Across the country, municipal, regional and state agencies are dropping old funding and administrative categories such as “arts and crafts” and replacing them with “creative industries” (tourism, books and museums).
The same thing is happening in Europe, Latin America, Africa and Asia. Why? Such initiatives are responses to these locations recognizing that their economic future lies in finance capital, copyrights and patents rather than agriculture and manufacturing.
The National Governors Association argues that “innovative commercial businesses, nonprofit institutions and independent artists all have become necessary ingredients to a successful region’s habitat.”
Here’s one example that explains why: The Intellectual Property Association estimates that intellectual property copyrights and patents are worth $360 billion per year in the United States, putting them ahead of patents in aerospace, automobiles and agriculture in monetary value.
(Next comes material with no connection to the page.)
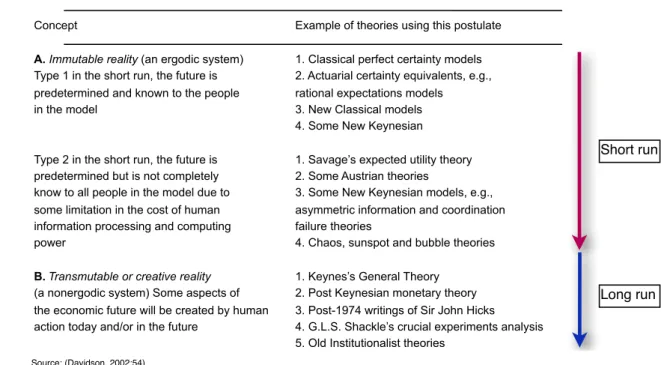 Figure 4. Conceptualizations of external economic reality (time horizon added by the author)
These copyrights, which help fuel a creative or cultural sector (music, theater and film), employ 12 percent of the work force, which is up from 5 percent a century ago. This change reflects U.S. economic production shifting away from a farming and manufacturing base to one supported by cultural interests.
At the same time, some words of caution are needed for those who see arts as the center of a successful region. This vision is supported by consultants across the nation who seek out a “creative class” that they claim is revitalizing post-industrial towns through an elixir of cultural tolerance, technology and talent, as measured by the numbers of same-sex households, broadband connections and advanced degrees.
Even if this claim about a creative class were accurate, many successful cities in the United States are hyperconservative (for example, cities such as Houston, Orlando and Phoenix). And there is no evidence of an overlap of tastes, values, living arrangements and locations between artists and other professionals.
In fact, some surveys question the claim that quality of life is central to selecting locations for business campuses as opposed to low costs, good communications technology, proximity to markets and adequate transportation systems.
In Europe, a commission evaluation of 29 “cities of culture” disclosed that its principal goal — economic growth stimulated by the public support of arts to renew failed regions — has itself failed.
Glasgow, for instance, was initially hailed as a success of the program, but many years after the rhetoric, there has been no sustained growth.
In 2008, Liverpool will become an official city of culture, having allocated $3 billion in public funds to an arts program, museum, galleries, convention center, a retail outlet, renewed transportation, rebuilt waterfront and every good thing. This was premised on regeneration through an arts culture, but is that a foundation strong enough to sustain a lasting economy?
The upshot of talk about the value of the arts is that market objectives have superseded cultural ones. In other words, the concept of “creative cities” has led to creative ways of euphemizing gentrification for the middle class.
North American cities should embrace the cultural amenities in terms of their contribution to the city’s quality of life, but they must beware of dubious hype that overemphasizes the centrality of the creative sector for the region’s economic health.
Toby Miller is chairman of the Department of Media and Cultural Studies at the University of California, Riverside.